Consider also adjusting Noise Variation, though this will change the coverage of the cloud layer, which you can compensate for if desired by changing the Coverage Adjust. I recommend changing it in the noise function(s) rather than in the Cloud Layer.

I've attached a TGD showing the effects of some of these settings changes, along with a couple of images. The image file name that corresponds to the .tgd shows how that one in particular looks, of course.

- Oshyan

eapilot

Quote from: Oshyan on February 05, 2018, 10:00:41 PM
Now increasing the Ray-marching quality is what's going to change the look of your clouds. It will make one of your layers look more dense, at least it did in my tests. You can compensate for this by reducing the offset in the density function if you want, or adjusting cloud noise function Coverage Gamma (Tweaks tab), or other methods.

Thanks Oshyan.  This is all very helpful and there is a lot to unpack. I looked at your file and compared it to mine.  As for the offset in the density function, I am not sure what you mean by that.  Is it Cloud Density in the Cloud layer v3 node, or is it a Density Parameter in the Cloud Density Fractal Tab? 
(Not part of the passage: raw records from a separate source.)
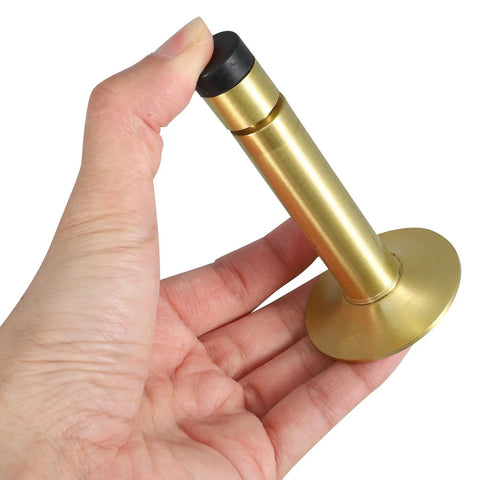 Hand holding a gold-colored Sleek Wall Mounted Door Stop With No Drilling Easy Install Adjustable Length 1.1 Inch Silent Hydraulic Stopper For Home And Office Durable Aluminum Alloy Keeps Doors Quiet And Safe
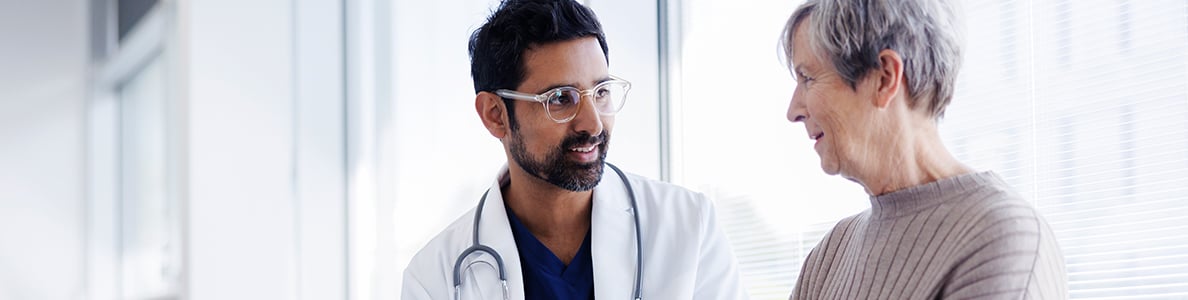A doctor speaks to a patient.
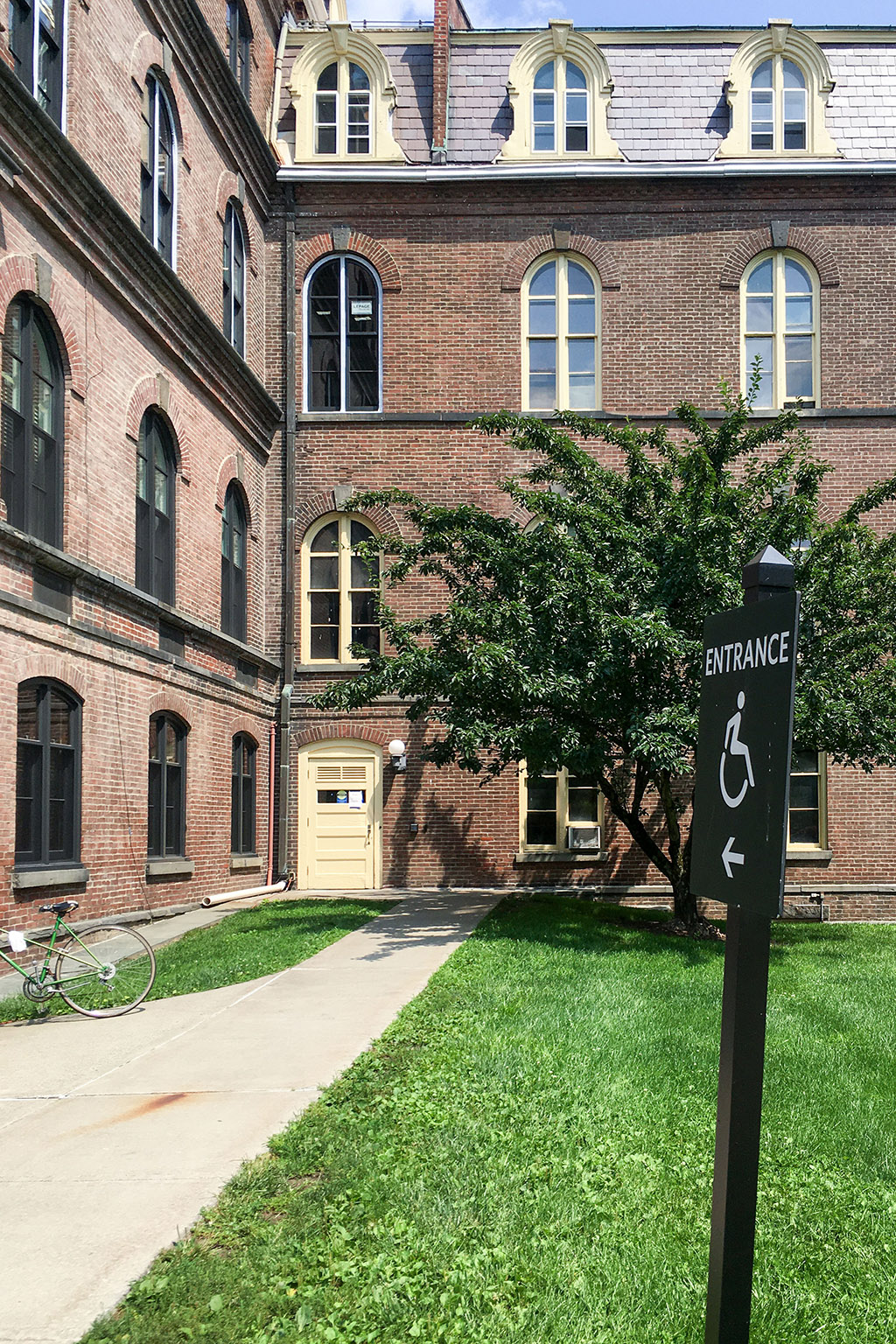 A sign, “Entrance” in front of a brick building.
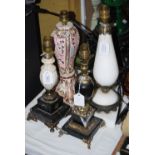 FOUR TABLE LAMPS TOGETHER WITH THREE ONYX ITEMS, TWO LAMPS IN GILT METAL MOUNTED MARBLE, ONE IN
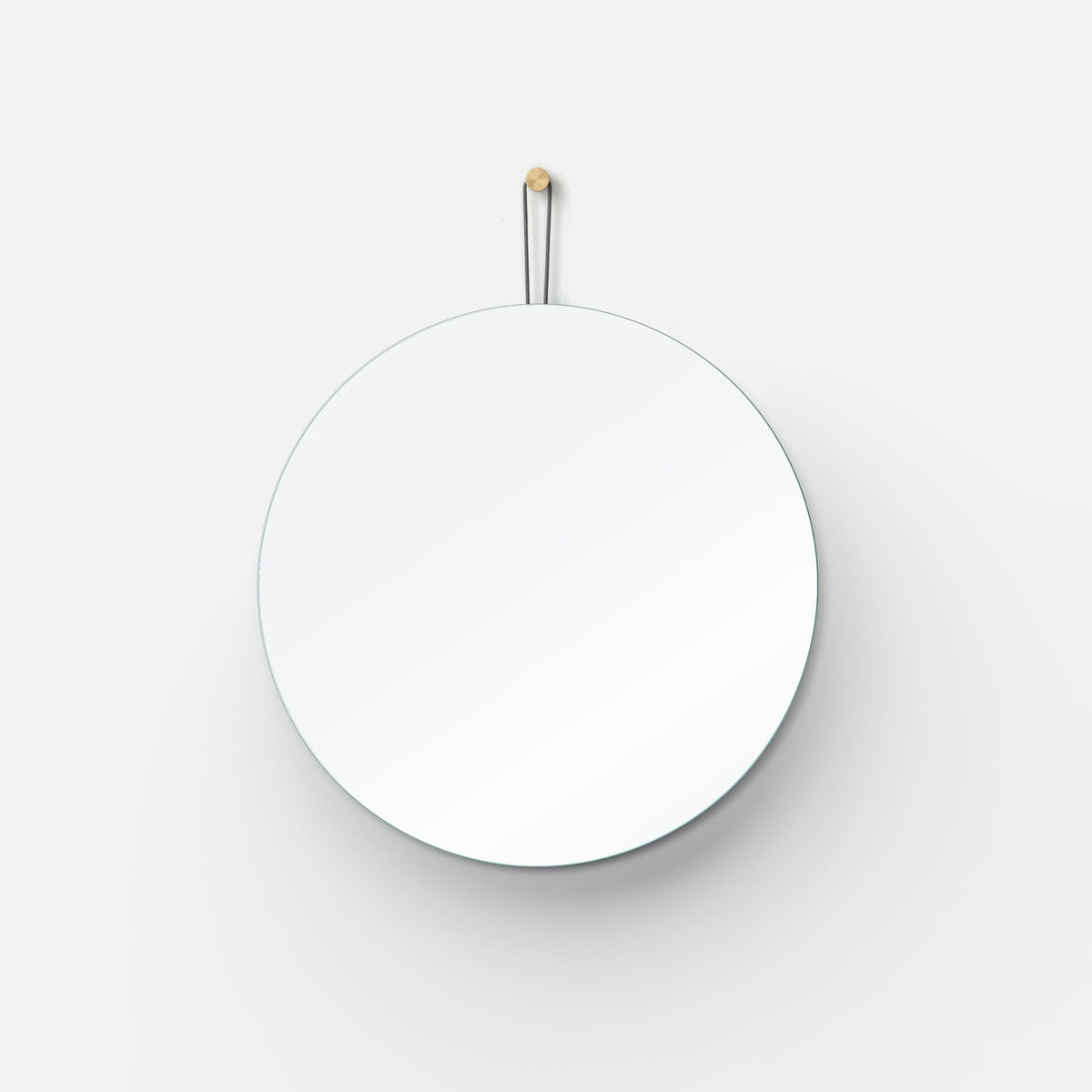 Round wall mirror with a thin, frameless edge, hanging from a leather strap attached to a wooden peg on a white wall.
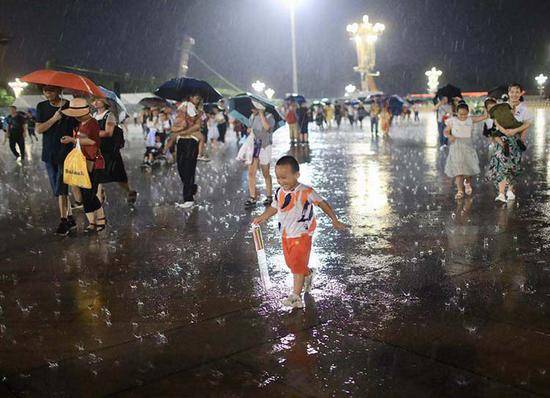 天安门广场，小朋友在大雨中蹚水享受清凉。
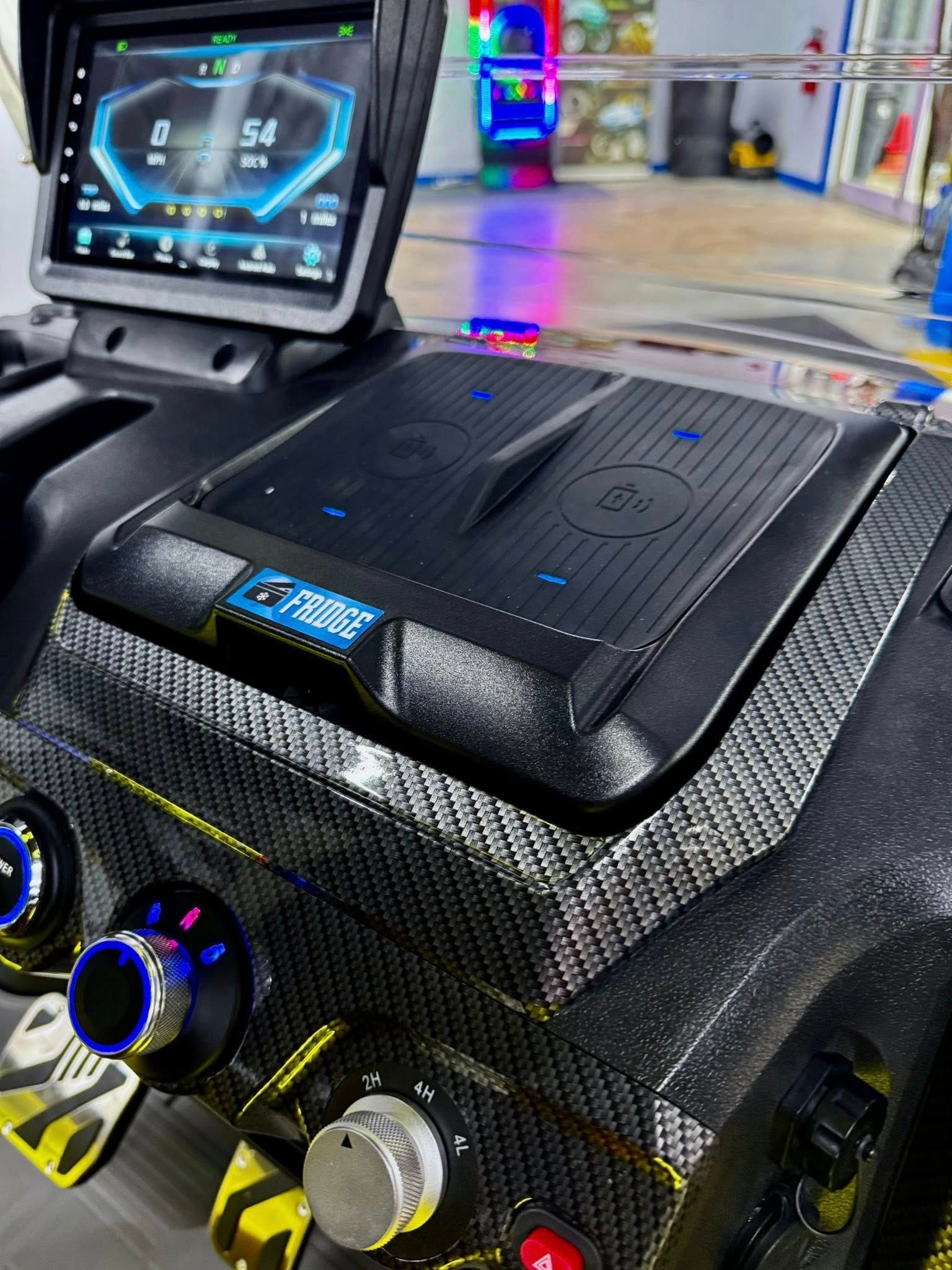 A close up of a car dashboard with a screen and buttons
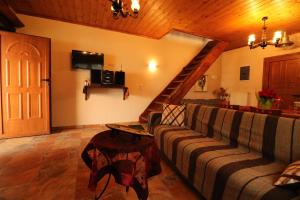 a living room with a couch and a staircase at Fakistra's Blue House in Tsagarada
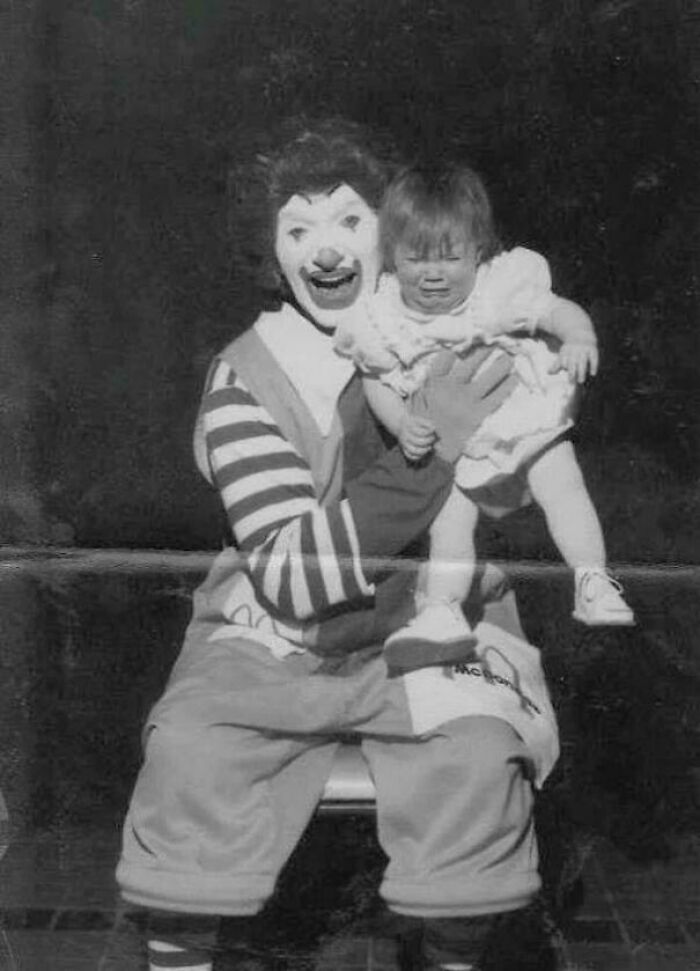 Early Ronald McDonald Acting Up Next To A Crying Baby. Classic!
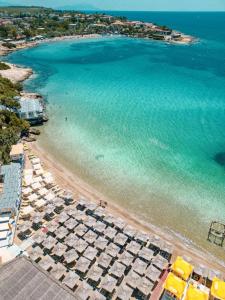 an aerial view of a beach with umbrellas and the ocean at Lotus City Sığacık in Seferihisar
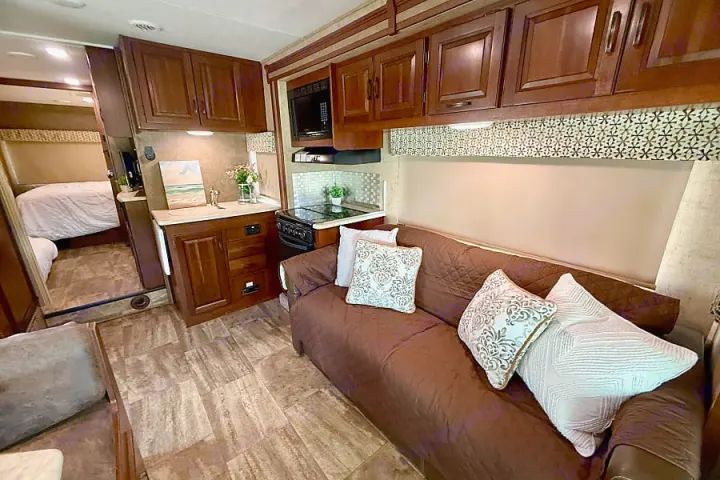 Spacious RV rental interior: kitchen with microwave/stove, living area with sofa, and cozy bedroom. Ideal for road trips.. Forest River Sunseeker 2016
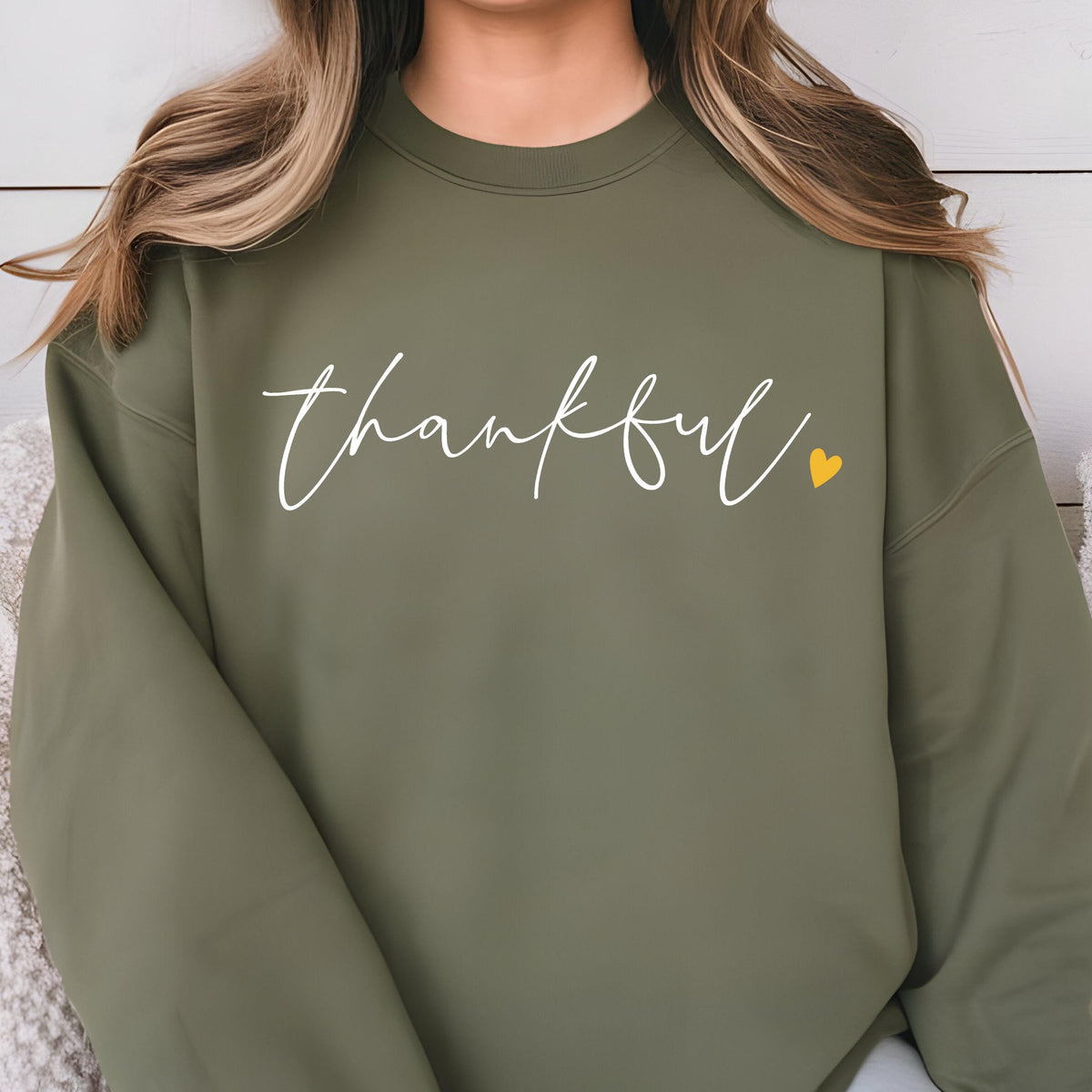 May include: A green sweatshirt with the word "thankful" written in white script with a small yellow heart.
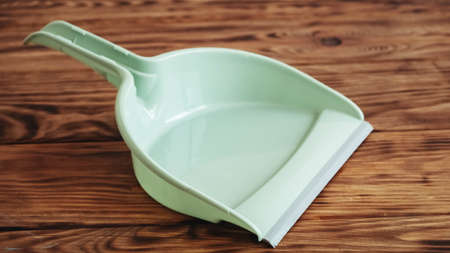 Plastic garbage scoop on a wooden background.の写真素材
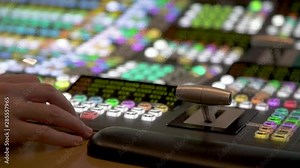 Close-up of hand operating Broadcast Tv Studio Production - Vision Switcher, Control Room
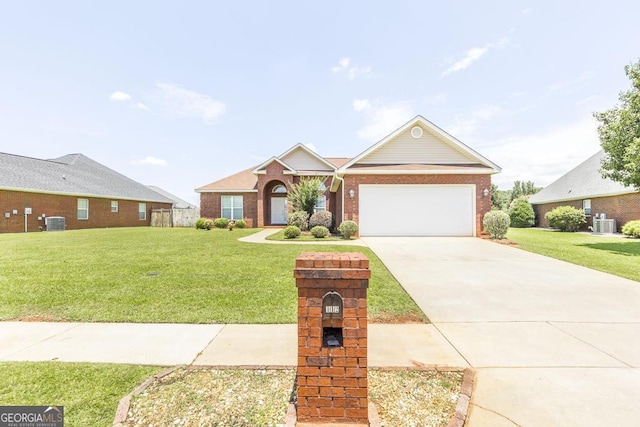 112 Huntwood Ln, Kathleen, GA 31047 - view of front of home with brick siding, a front lawn, an attached garage, and driveway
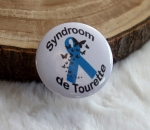 Button sydroom de tourette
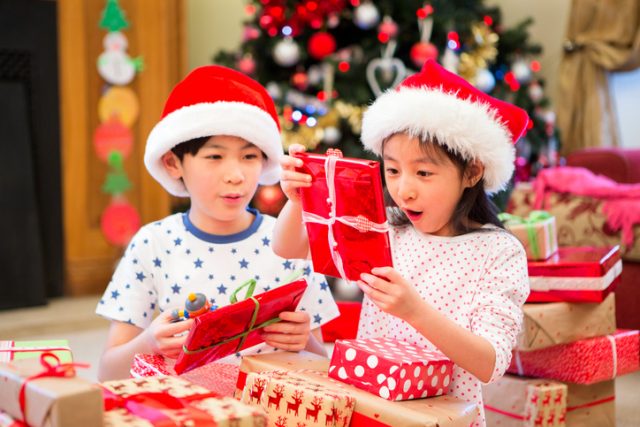Chinese siblings opening gifts for Christmas.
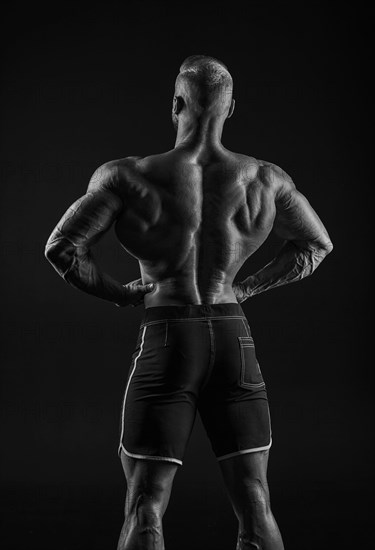 Silhouette of a strong bodybuilder. View from the back. Confident young fitness athlete with a powerful body and perfect abs. Black and white photography. Dramatic light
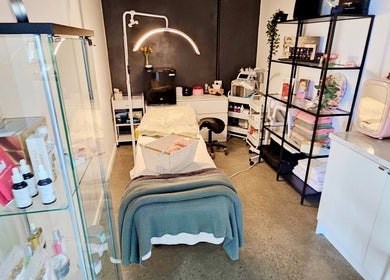 Relaxing treatment room at Laura May's Beauty, Joondalup, Western Australia, AU, featuring a cozy bed and products.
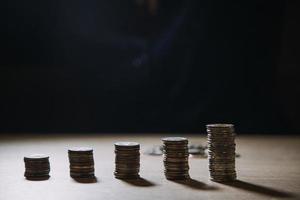 ahorrar dinero a mano poniendo monedas en la pila en la mesa con sol. concepto finanzas y contabilidad foto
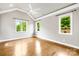 Empty bedroom features natural light with hardwood floors and a vaulted ceiling at 6107 Gold Springs Way, Denver, NC 28037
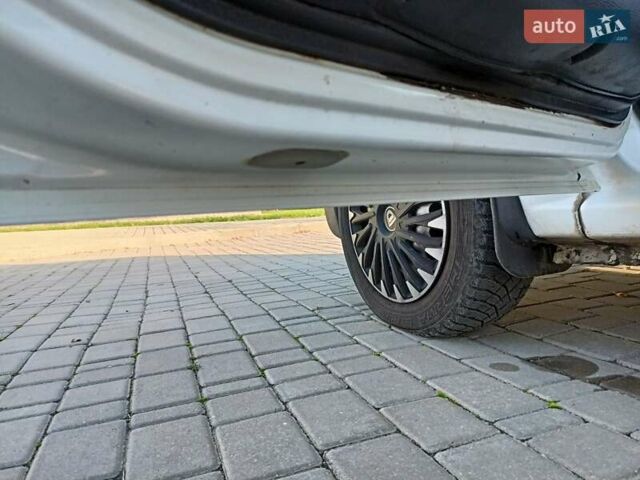 Білий Дачія Logan, об'ємом двигуна 1.46 л та пробігом 206 тис. км за 5300 $, фото 14 на Automoto.ua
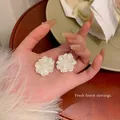 Gros plan détaillé d'élégantes boucles d'oreilles fleurs blanches superposées en main. - Style Fleur 3D Blanche (A1421) / Blanc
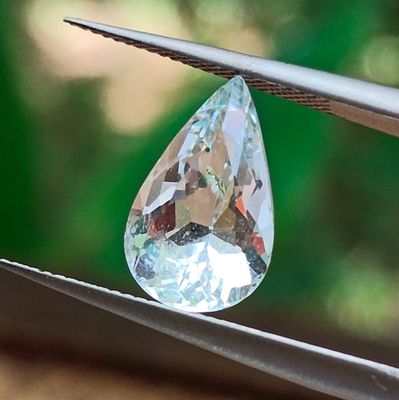 un gros diamant transparent tenu par une paire de pinces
I found out shortly after the email that reducing the roughness from 1.3 to 1 got rid of a lot of the wispy parts in the "Macro Cloud Shape" Cloud density Fractal.

zaxxon

An excellent explanation and much appreciated Oshyan. Good thread eapilot!

luvsmuzik

I also wondered about using soft shadows in a scene and if this effects the shadows in the clouds? I have been cranking up my soft shadows so I can see the forest for the trees....I was just curious since most cloud control boxes also have shadow function options.

Oshyan

The Density Function is the noise function (node/shader) that you are feeding into the Density Shader input of the Cloud Layer node. By default it is a modified Power Fractal (you've added some extra nodes but do still have the Cloud Density Shader in there with everything plugged-in to it). So in *that* node (the density shader that's similar to a Power Fractal), on the Density tab there is a Coverage Adjust. There is *also* a Coverage Adjust in the cloud node's settings, but that one affects all data coming into the Density Shader input, and does so in a different way that I feel is less optimal in many cases (you can test the difference yourself, you should see what I mean at higher values of each).